Sir Robert began his account at 53 by saying: "Like all human endeavour, the judicial process is subject always to the paramount claims of death."

  1. In Smartec Capital Pty Ltd v Centro Properties Ltd [2011] NSWSC 495, Barrett J considered an application by a member of a company under s 247A(1) Corporations Act 2001 for an order to inspect certain of the documents of the company. In a reserved judgment he decided in principle what sorts of documents could be inspected, and on what terms.
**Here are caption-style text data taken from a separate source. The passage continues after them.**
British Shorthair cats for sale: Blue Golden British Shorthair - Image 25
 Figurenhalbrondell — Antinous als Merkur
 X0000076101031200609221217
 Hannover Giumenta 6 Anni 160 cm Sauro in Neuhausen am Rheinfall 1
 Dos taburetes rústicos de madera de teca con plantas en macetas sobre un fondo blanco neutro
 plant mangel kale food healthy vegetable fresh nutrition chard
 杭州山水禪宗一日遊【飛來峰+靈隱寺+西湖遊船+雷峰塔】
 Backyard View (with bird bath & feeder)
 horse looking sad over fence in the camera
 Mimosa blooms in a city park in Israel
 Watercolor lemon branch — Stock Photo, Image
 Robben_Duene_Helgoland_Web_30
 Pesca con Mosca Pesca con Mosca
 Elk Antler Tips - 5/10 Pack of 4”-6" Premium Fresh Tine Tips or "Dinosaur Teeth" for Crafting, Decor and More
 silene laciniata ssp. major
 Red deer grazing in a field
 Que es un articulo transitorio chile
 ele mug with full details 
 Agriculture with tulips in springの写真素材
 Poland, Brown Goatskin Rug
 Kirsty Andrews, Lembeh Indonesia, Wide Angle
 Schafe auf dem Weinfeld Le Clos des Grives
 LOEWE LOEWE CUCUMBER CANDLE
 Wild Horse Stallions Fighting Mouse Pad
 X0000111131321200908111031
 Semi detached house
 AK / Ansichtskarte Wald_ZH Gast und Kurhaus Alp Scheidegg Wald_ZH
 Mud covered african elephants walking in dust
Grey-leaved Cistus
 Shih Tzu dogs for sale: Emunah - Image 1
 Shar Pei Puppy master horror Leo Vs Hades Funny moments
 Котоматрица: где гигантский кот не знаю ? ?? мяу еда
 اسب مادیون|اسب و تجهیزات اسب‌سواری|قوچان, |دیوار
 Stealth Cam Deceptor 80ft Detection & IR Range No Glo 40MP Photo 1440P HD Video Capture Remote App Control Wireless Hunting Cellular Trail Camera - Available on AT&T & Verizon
The judgment concluded, at [93]-[94]:

"Because I have now entered on long leave, it will be necessary for the final orders to be settled and made by another judge: Wentworth v Rogers (No 3) (1986) 6 NSWLR 642.
The parties therefore have leave to approach the Corporations Judge for the time being for that purpose and for the determination of the costs of the proceedings."
  1. In due course White J made the orders relating to the application, and the costs order: Smartec Capital Pty Ltd v Centro (CPL) Ltd [2011] NSWSC 644. Debate before White J concerned the description of the documents of which inspection would be allowed. His Honour said, at [11]:

"This is the sort of question that is often debated when the court is asked to make orders to give effect to the reasons for decision. I think, consistently with Wentworth v Rogers (No 3) (1986) 6 NSWLR 642, that I can make such orders as appear to me to be appropriate to give effect to his Honour's reasons so as to advance the purpose that his Honour identified as the proper purpose that Smartec was pursuing."
  1. White J also made decisions concerning the identity of the people who should be permitted to inspect the documents ([12]) and the purpose for which the documents inspected could be used ([14]), as well as orders concerning the costs of (inter alia) the hearing before Barrett J.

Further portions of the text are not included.